Particularly innovative is the studio theater, described as an update on the traditional black box theater. Rawn calls the design “a cutting edge concept in theater,” and his assistant exclaimed that he “[doesn’t] know of any other theater like it.” Much like a black box theater, the space is flexible and designed for experimental productions. However, aspects such as a rear brick wall make the space far from neutral. Elements such as moveable towers and portable seating areas also maximize flexibility and make the space suitable for performances with different needs and audience sizes. The studio theater will replace the AMT black box theater, as integrating the previous downstage into the plans became too expensive.
The rear of the building holds a major dance rehearsal space the same size as the new performance stage and the Dance Company’s current performance space in the Lasell gymnasium. Though the area will typically be used for practice, it could also hold small audiences of up to 40 people. Perched atop of a “ceremonial staircase,” the studio has full windows looking out the back of the building.
A major lobby in the center of the building will serve as a hub for the various professors and students using the complex and was designed to be “the heart of the life of the theater department.” Located at the most well-trafficked part of the complex, the lobby is lined with a row of faculty offices. Students will also cut through the lobby when traveling from the Greylock Quad to Route 2.

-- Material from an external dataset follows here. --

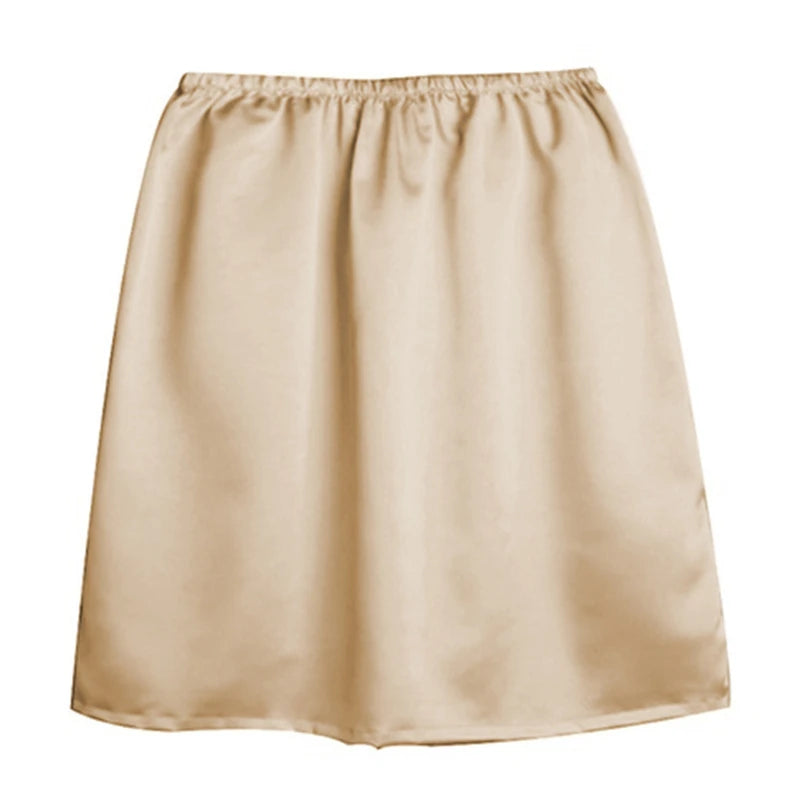 Satin Underskirt Half Slips Dress for Women Summer Thin Ice Silk High Waist Elastic Anti-Penetrating Underskirt Lining Petticoat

Other features of the complex include acting and directing studios, dressing rooms, a full set shop, and a rear loading dock.
Rawn Associates, established in 1983, has done extensive work in the performing arts and education sectors. One of the firm’s first high profile projects was the Seiji Ozawa Hall at Tanglewood, in Lenox, Massachusetts. The firm has also worked on residence halls and student centers at Trinity College, Babson College, Northeastern University and the University of Pennsylvania.